#### Input data:
···

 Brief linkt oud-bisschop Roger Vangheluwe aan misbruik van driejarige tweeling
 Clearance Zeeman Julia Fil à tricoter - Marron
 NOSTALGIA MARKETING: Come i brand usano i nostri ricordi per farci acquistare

···

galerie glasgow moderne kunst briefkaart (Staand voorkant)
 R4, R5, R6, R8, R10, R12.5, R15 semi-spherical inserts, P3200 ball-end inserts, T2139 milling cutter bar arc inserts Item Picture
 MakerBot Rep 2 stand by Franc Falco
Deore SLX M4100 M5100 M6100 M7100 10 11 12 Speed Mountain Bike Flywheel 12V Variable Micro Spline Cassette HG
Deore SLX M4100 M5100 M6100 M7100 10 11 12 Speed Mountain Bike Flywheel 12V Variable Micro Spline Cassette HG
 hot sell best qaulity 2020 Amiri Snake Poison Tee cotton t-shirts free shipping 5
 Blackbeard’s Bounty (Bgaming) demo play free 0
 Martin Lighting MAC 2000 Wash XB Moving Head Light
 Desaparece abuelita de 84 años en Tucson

···

#### What is needed:
When a line in the records holds the string "free", copy that line.

#### Exercise output:
 hot sell best qaulity 2020 Amiri Snake Poison Tee cotton t-shirts free shipping 5
 Blackbeard’s Bounty (Bgaming) demo play free 0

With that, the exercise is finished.